Saved data entries:
========
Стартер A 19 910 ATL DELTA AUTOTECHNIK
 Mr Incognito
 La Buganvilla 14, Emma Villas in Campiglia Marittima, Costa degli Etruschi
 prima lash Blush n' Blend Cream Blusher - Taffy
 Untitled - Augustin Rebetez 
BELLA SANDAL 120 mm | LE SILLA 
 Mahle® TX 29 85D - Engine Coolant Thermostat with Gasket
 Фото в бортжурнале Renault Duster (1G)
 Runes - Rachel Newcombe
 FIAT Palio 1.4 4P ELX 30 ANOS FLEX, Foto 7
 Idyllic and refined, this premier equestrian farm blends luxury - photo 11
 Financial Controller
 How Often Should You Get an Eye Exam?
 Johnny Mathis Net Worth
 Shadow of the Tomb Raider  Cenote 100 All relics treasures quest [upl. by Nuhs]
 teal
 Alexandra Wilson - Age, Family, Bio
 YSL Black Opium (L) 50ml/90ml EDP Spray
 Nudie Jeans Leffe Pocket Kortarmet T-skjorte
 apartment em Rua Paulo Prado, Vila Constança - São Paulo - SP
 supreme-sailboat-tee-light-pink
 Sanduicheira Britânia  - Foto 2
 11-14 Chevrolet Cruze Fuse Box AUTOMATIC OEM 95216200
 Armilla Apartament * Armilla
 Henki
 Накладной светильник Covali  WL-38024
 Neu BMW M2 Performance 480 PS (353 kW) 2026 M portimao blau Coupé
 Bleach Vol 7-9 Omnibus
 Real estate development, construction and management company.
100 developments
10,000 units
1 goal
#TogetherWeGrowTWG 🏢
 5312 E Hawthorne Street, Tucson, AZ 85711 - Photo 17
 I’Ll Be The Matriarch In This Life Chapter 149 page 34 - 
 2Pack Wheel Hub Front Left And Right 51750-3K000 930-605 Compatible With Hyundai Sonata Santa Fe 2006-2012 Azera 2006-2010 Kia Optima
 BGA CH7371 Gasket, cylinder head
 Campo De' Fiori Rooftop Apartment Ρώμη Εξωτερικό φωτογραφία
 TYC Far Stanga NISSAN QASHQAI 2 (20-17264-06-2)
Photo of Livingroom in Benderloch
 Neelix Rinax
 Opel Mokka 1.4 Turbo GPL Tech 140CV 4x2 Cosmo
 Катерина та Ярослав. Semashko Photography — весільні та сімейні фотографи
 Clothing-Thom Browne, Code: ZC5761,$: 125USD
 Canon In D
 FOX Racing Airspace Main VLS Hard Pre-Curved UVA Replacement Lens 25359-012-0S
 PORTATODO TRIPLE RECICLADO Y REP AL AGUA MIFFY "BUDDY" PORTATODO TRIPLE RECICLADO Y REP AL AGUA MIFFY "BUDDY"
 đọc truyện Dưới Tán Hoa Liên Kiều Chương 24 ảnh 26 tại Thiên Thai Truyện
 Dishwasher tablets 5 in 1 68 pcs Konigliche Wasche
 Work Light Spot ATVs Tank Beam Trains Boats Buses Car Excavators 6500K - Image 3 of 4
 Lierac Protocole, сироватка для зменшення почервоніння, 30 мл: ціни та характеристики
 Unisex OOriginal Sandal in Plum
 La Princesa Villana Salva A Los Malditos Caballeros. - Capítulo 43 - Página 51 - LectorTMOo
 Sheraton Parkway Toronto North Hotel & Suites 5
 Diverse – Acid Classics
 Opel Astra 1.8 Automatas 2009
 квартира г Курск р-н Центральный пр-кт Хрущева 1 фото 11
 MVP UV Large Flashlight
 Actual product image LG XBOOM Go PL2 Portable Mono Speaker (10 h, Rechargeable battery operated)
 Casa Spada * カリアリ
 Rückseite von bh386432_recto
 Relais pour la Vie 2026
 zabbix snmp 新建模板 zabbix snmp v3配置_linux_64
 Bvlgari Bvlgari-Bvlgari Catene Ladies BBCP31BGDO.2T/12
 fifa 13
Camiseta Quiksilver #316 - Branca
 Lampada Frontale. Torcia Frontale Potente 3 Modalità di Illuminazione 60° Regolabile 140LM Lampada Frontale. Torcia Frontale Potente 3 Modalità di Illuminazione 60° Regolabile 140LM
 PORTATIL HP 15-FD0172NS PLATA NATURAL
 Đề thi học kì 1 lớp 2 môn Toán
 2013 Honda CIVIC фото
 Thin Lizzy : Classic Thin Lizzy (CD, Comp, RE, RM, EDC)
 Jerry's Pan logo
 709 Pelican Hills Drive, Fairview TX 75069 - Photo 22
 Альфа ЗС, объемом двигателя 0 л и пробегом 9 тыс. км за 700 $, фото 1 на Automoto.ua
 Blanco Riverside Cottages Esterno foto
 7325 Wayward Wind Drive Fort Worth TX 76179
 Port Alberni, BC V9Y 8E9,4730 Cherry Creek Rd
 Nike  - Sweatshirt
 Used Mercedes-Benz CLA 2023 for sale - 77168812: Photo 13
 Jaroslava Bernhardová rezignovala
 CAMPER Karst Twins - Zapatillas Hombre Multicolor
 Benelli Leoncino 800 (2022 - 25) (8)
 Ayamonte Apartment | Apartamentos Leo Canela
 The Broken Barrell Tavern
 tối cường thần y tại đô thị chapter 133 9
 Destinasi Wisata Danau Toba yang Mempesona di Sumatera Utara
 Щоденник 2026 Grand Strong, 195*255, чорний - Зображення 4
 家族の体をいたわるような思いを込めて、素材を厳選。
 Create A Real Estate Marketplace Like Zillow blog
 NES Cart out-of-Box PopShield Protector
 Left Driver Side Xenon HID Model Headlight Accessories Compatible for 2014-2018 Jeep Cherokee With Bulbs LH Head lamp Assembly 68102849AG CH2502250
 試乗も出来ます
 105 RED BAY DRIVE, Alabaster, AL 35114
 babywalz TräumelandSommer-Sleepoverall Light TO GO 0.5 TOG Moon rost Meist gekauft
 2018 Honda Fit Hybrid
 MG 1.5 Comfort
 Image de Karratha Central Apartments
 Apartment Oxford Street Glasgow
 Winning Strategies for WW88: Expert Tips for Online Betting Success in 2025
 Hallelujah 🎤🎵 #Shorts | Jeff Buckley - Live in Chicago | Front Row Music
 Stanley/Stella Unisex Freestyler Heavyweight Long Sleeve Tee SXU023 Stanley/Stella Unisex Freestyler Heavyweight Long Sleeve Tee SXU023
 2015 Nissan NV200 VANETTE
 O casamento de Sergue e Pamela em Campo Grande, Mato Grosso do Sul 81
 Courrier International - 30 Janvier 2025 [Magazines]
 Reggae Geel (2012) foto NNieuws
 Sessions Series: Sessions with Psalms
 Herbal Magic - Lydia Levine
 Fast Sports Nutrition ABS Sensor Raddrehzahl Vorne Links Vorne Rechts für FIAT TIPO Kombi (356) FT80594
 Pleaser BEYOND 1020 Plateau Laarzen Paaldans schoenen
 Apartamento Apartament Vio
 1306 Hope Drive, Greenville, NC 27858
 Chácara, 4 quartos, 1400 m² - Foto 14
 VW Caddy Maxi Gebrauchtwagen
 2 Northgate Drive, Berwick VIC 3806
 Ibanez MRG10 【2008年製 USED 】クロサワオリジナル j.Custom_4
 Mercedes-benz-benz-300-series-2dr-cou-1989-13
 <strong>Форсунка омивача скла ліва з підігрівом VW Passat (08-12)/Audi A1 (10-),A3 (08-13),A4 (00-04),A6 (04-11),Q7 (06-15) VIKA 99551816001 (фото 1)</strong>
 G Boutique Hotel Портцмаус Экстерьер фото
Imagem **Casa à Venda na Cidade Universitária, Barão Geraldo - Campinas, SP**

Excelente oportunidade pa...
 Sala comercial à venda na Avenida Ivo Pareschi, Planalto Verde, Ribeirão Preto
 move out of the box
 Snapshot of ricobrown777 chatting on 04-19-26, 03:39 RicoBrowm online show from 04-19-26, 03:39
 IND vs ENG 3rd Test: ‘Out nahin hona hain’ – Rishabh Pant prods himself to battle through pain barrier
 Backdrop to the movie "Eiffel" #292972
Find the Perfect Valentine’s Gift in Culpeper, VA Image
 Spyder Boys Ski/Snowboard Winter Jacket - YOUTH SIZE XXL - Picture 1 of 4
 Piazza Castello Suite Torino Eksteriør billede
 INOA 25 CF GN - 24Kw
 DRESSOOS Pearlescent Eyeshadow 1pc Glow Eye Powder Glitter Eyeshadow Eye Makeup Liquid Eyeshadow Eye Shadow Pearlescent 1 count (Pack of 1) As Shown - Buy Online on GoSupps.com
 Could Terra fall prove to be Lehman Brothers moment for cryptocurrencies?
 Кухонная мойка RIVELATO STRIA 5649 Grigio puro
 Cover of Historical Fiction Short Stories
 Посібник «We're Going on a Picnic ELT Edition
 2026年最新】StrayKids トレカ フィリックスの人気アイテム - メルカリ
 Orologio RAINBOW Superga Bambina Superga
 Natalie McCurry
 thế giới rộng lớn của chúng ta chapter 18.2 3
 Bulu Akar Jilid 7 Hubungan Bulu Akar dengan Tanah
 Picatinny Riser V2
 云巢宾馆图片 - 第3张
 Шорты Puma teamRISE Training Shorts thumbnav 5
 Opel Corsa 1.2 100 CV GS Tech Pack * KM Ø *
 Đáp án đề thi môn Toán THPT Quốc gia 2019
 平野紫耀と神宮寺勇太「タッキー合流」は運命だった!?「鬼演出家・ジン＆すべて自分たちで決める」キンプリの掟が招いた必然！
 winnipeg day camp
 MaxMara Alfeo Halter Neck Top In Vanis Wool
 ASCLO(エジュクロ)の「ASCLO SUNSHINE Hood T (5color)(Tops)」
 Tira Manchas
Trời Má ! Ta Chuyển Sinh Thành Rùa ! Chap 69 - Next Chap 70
========
> **PROMPT**:
Return exactly the lines above from the line that has "Ayamonte Apartment | Apartamentos Leo Canela" through the line that has "2015 Nissan NV200 VANETTE", inclusive, and nothing else.

> **ANSWER BOX**:
 Ayamonte Apartment | Apartamentos Leo Canela
 The Broken Barrell Tavern
 tối cường thần y tại đô thị chapter 133 9
 Destinasi Wisata Danau Toba yang Mempesona di Sumatera Utara
 Щоденник 2026 Grand Strong, 195*255, чорний - Зображення 4
 家族の体をいたわるような思いを込めて、素材を厳選。
 Create A Real Estate Marketplace Like Zillow blog
 NES Cart out-of-Box PopShield Protector
 Left Driver Side Xenon HID Model Headlight Accessories Compatible for 2014-2018 Jeep Cherokee With Bulbs LH Head lamp Assembly 68102849AG CH2502250
 試乗も出来ます
 105 RED BAY DRIVE, Alabaster, AL 35114
 babywalz TräumelandSommer-Sleepoverall Light TO GO 0.5 TOG Moon rost Meist gekauft
 2018 Honda Fit Hybrid
 MG 1.5 Comfort
 Image de Karratha Central Apartments
 Apartment Oxford Street Glasgow
 Winning Strategies for WW88: Expert Tips for Online Betting Success in 2025
 Hallelujah 🎤🎵 #Shorts | Jeff Buckley - Live in Chicago | Front Row Music
 Stanley/Stella Unisex Freestyler Heavyweight Long Sleeve Tee SXU023 Stanley/Stella Unisex Freestyler Heavyweight Long Sleeve Tee SXU023
 2015 Nissan NV200 VANETTE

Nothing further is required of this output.